Church leaders of the Anglican and Episcopal churches have been providing shelter and material assistance for people in South Sudan as tens of thousands have been internally displaced or fleeing the country due to the violence that has persisted in the country.

Though the civil war in South Sudan was supposed to have ended in April, spurts of violence have continued as conflicts between the factions supporting the president, Salva Kiir, and the vice president, Riek Machar, have continued to erupt.

According to the most recent United Nations report released on Friday, over 26,000 South Sudanese people have fled the country into Uganda since July 7, and over 8,300 flooded into Uganda on Friday alone, which the agency says is the highest record of people in 2016 that have fled the country in a single day. Andreas Needham, a spokesperson for the Office of the UN High Commissioner for Refugees (UNHCR), said that 90 percent of those refugees are women and children.
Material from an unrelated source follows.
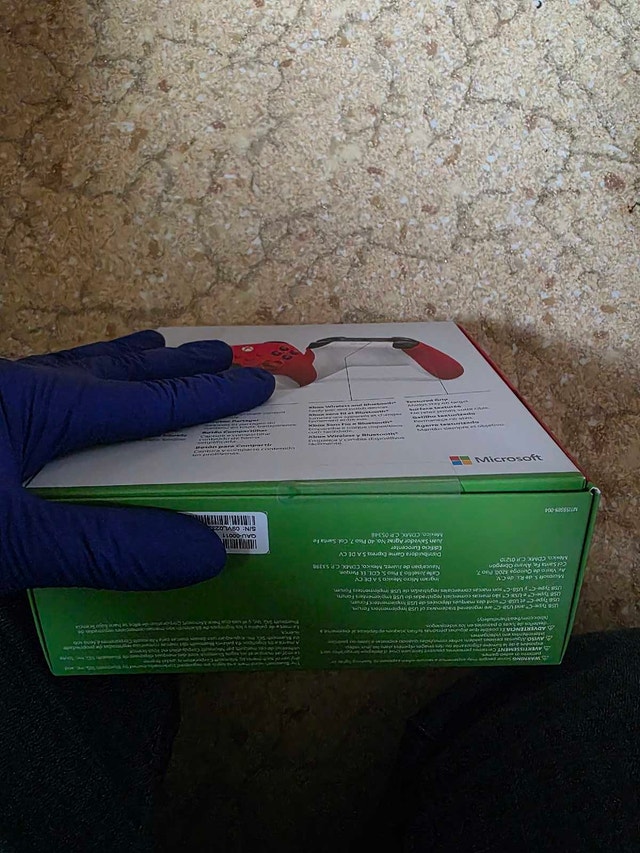 (New Factory Sealed) Xbox X/S Controller Sealed - photo 2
The relief efforts by the church leaders have been organized by the Anglican Alliance, the Episcopal Church of South Sudan and Sudan (ECSSS), and the ECSSS relief agency called the Sudanese Development and Relief Agency (Sudra).
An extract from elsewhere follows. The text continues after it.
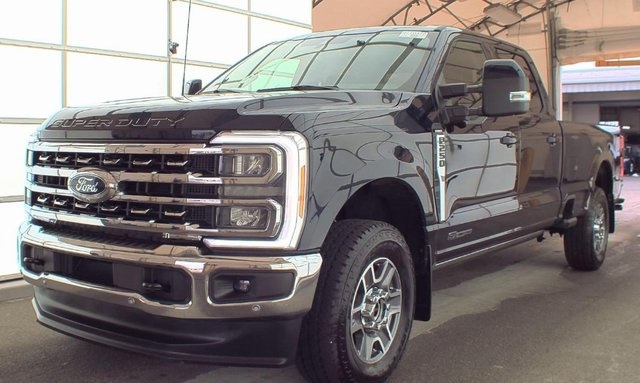 2023 Ford F-250SD LARIAT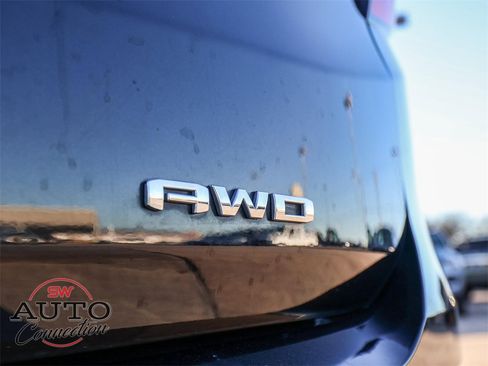 Used 2024 GMC Terrain SLE image 13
The ECSSS said in a conference call, according to an Anglican Communion News Service report, that many of those who were displaced have been seeking shelter and help from local churches.
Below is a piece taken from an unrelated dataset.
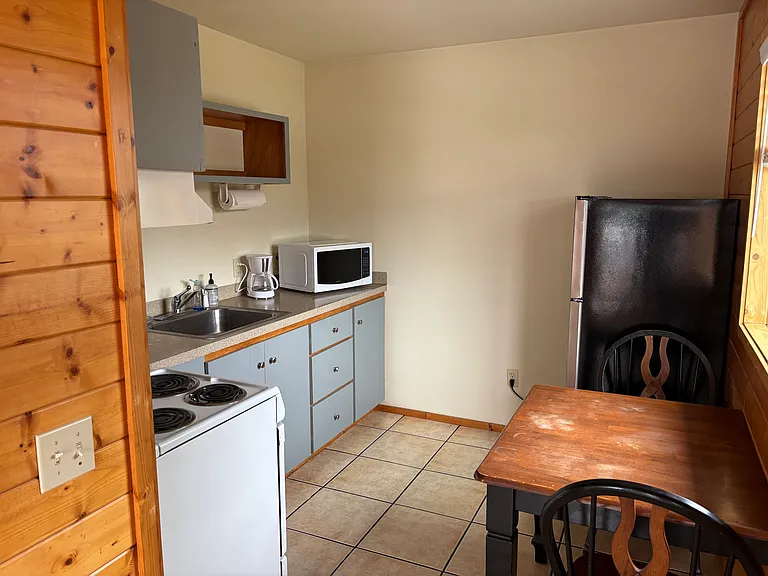 3619 Main St #2 — Photo 2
By the request of Sudra, the Episcopal Church in the U.S. said they would provide help for 200 families looking for shelter, according to the report. Sudra also requested help to provide food for 14,400 internally displaced people.

"It is -- as so often -- the poorest and most vulnerable who bear the brunt of the violence, who have lost lives, loved ones, and homes," said Dr. Rowan Williams, the former Archbishop of Canterbury, regarding the situation in South Sudan. "The recent hostilities have demonstrated the fragility of the peace agreement. They have underscored the need for the international community to call the leaders of South Sudan to account in implementing the promise of peace."

"The violence in South Sudan and the subsequent insecurity in the region has forced several international agencies to evacuate their personnel from the country," Rachel Carnegie, co-executive director of the Anglican Alliance, told Anglican Communion News Service. "The Church, locally based, stands in the breach, protecting the most vulnerable."